Mais celle-ci se montre difficile à manoeuvrer. Se pourrait-il que Dulcinée ait des intentions cachées, elle aussi ?
Cabé signifie, dans la langue de Dulcinée Del Tabasco, mort. Nous pouvons donc traduire « même pas cabé » par « même pas mort » ! De rebondissements en rebondissements, d’horreurs en horreurs, qui se rendra maître de la situation ? Comment feront-ils pour se sortir des griffes, des pièges tendus par l’un et l’autre ? Qui finalement gagnera cette partie engagée dans une ronde comique et cruelle ? Mais qu’est-ce que le théâtre sans cruauté ? Une mièvrerie sans nul doute !
De toute manière, il est certain que nous ne souhaiterions pas croiser sur notre route ces deux affreux pleins d’imagination ! Pour conclure, il faut citer Paul Léautaud dans son journal littéraire : « Je n’ai rien vu de grand dans la vie que la cruauté et la bêtise. »
Il serait raisonnable qu’être un penseur eût tout de même ambition continue à vouloir nous montrer « l’homme » tel qu’il est sans jamais le juger et ainsi tenter de nous le faire deviner un peu plus, un peu mieux.
J’aime cet Eric Herbette, celui-ci qui, des Géométries de l’âme en évoquant Les Pensées de Pascal à Même pas Cabé mettant en scène la quintessence de l’ignoble, parvient à saisir le quotidien dans toutes ses couleurs. Cette fois-ci, il s’agit de destins médiocres, d’ambitions mesquines.
Ici, animés par une verve gouleyante où se côtoient mots nouveaux, synecdoques et aphorismes, nos deux protagonistes nous ouvrent les portes de l’humanité profonde. La vraie, celle des petites histoires qui forment notre histoire, celle qui situe ses profondeurs entre une table et une armoire, celle où la vie est une tentative sordide et drôle, celle où « l’homme » coupable et victime se perd dans un univers devenu inconscient et où pour se sentir simple vivant il invente d’improbables combinaisons.

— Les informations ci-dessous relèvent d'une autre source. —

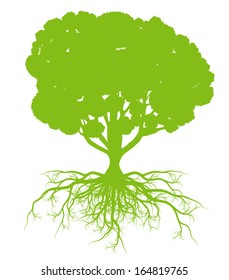 Tree with roots background ecology vector concept card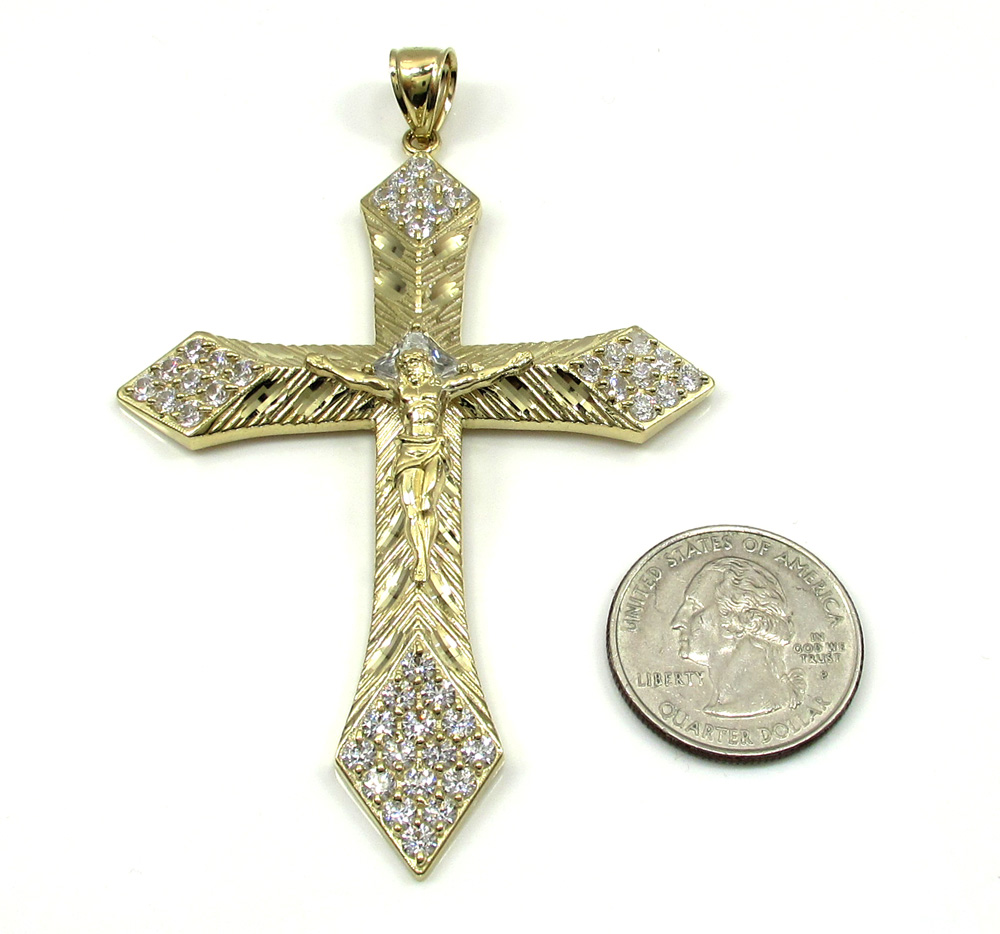 10k yellow gold large diamond cut jesus cross 2.00ct - Image 2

Mettre en scène cette formidable broderie, c’est donner toutes les marges et les espaces précis et nécessaires pour que cette lumière parfois sombre nous parvienne et nous touche. C’est parvenir à poser cette réalité dans un mouvement constant où l’action se dissout dans un langage parfois proche de l’argot de pucier et dans lequel l’imaginaire parvient à conserver le charme du réel.